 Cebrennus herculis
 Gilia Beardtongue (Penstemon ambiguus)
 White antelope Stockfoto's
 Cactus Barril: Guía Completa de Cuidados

━━━━━━━━

With the line that contains "Gilia Beardtongue (Penstemon ambiguus)" as the starting point, output each line exactly through the end of the listing above.

SOLUTION TO THIS PROBLEM
 Gilia Beardtongue (Penstemon ambiguus)
 White antelope Stockfoto's
 Cactus Barril: Guía Completa de Cuidados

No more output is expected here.